At the time, the break up destroyed me. I would often blame myself, despite you reassuring me that I had been a great girlfriend. I'd break down when I learned you were dating someone new. My self-esteem would hit rock bottom and I would question what it was about me that wasn't good enough for you. It sometimes drove me to the point of insanity. I'd find myself checking your social media or reminiscing over old photographs of us together.
It took a long time, but I finally realized that you were right all along. I was a great girlfriend, I just wasn't right for you. And now that I've moved on, I see that you weren't right for me either. Don't get me wrong, there is still a lot to love about you. The qualities I fell in love with back then are still there, but so are the ones I ignored during our time together. Regardless of what I felt for you at the time, we simply weren't compatible in the long run. If you hadn't broken up with me then, we would have become unhappy forcing a love that wasn't meant to last.
Looking back on our relationship, I know I wasn't truly myself. In my blind love, I became who I thought you wanted me to be. The values that mattered to me didn't seem to matter as much once I realized yours were different. The deeper I fell in love with you, the more I began to lose myself to the relationship. It wasn't healthy for me to essentially give myself up in order to keep you happy, and I think you knew that all along.
Regardless, I am still very grateful for you. The experience we shared allowed me to set new standards for love. I know now what I need in a partner and the values we must share. You realized that I deserved better before I did. That doesn't mean you're not a great person, just that you weren't able to reciprocate the love I gave to you. And that's OK.

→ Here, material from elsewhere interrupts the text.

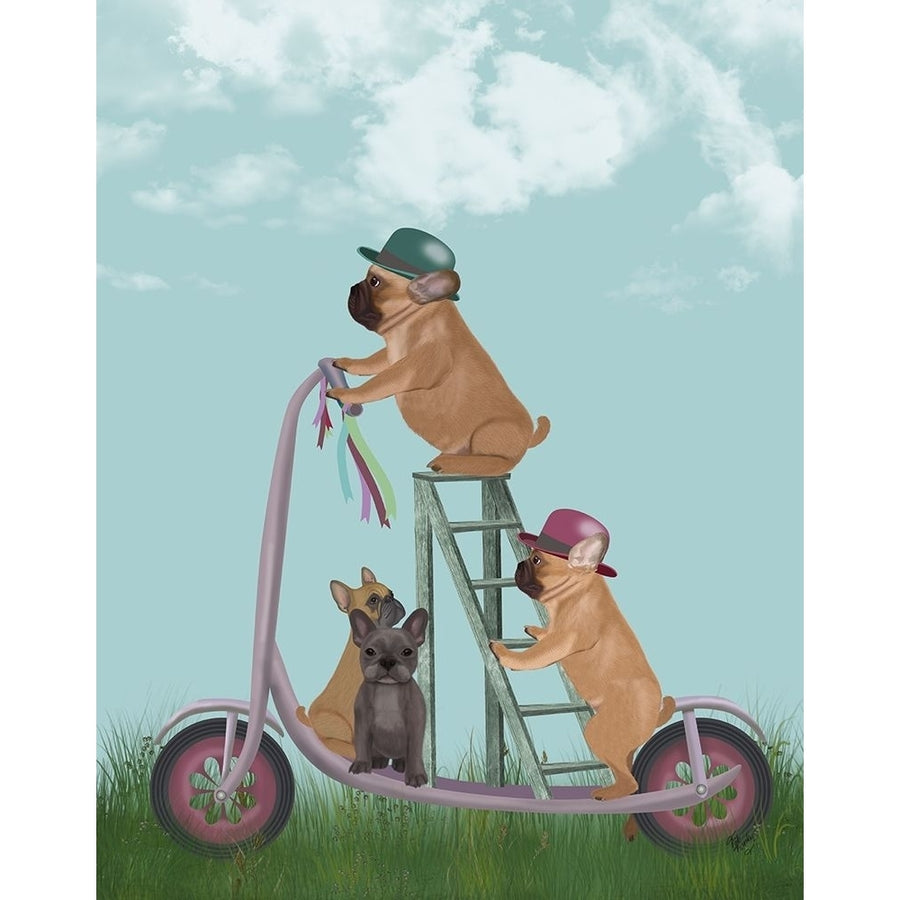 French Bulldog Scooter Poster Print - Funky Fab-VARPDX192586D Image 1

Since our time together, I found someone who is able to give me what I need in a relationship. Someone who convinced me that they love me as I am, who makes me feel like I don't need to sacrifice any part of myself or my values in order to share intimacy. Someone who loves just hard as I do and respects the journey I took with you that inevitably lead me to him.
So even though it nearly killed me at the time, thank you for breaking my heart. Thank you for keeping your promise to me that it was for the best. Thank you for remaining my friend, and for proving to me that we're both happier this way.